<<<<

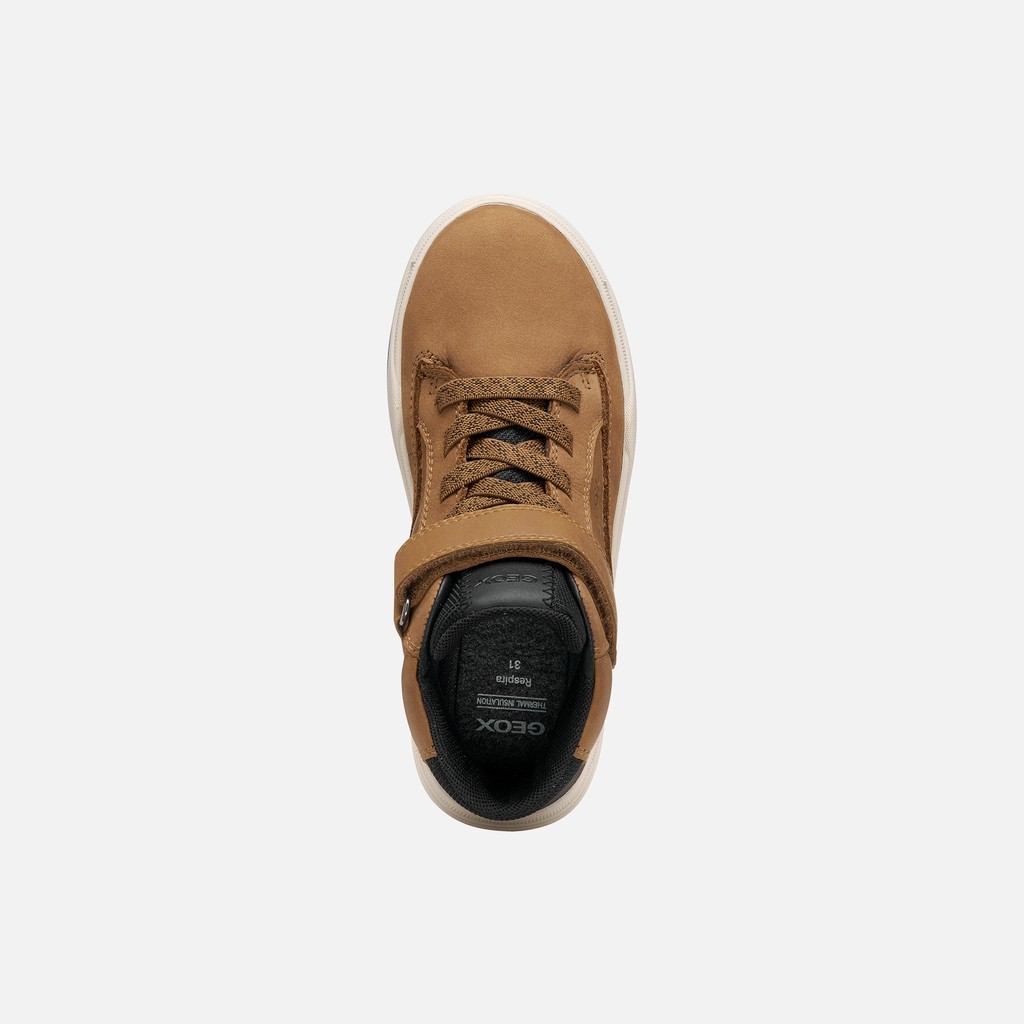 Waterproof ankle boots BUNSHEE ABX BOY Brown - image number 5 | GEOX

>>>>
<<<<

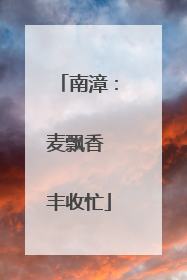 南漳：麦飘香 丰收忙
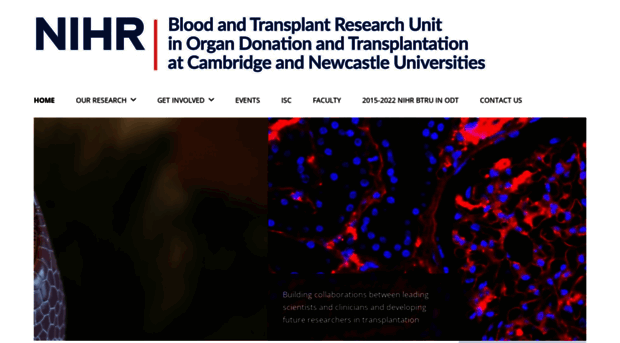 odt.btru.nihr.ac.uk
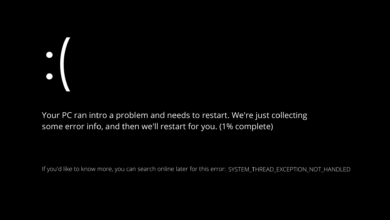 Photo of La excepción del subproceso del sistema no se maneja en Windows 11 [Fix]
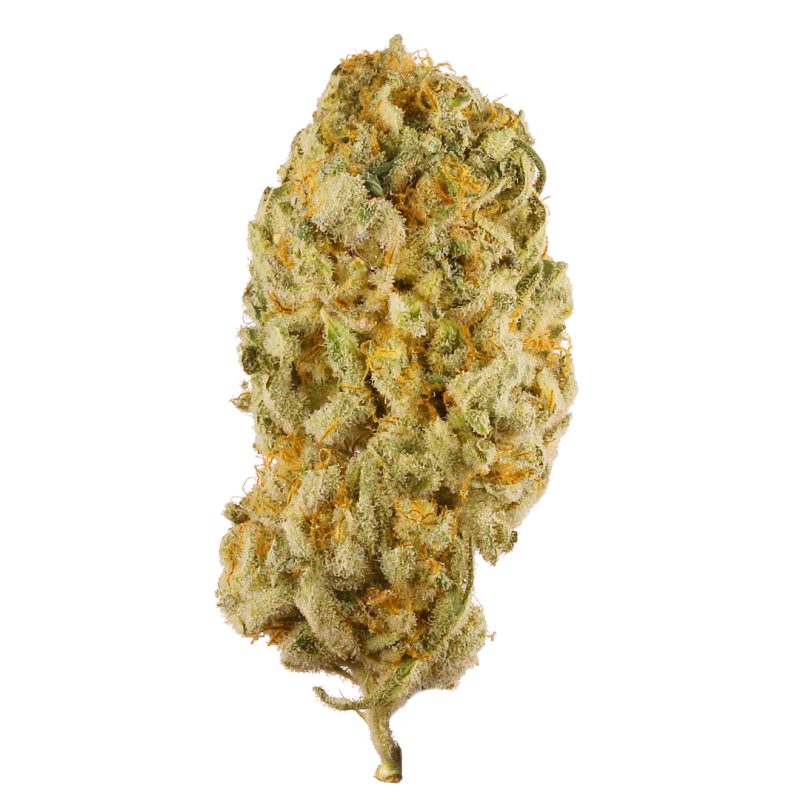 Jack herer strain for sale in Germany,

>>>>

Text only, no pictures: please print exactly the lines above from the line with "odt.btru.nihr.ac.uk" up to and including the line with "Jack herer strain", and nothing else.

 odt.btru.nihr.ac.uk
 Photo of La excepción del subproceso del sistema no se maneja en Windows 11 [Fix]
 Jack herer strain for sale in Germany,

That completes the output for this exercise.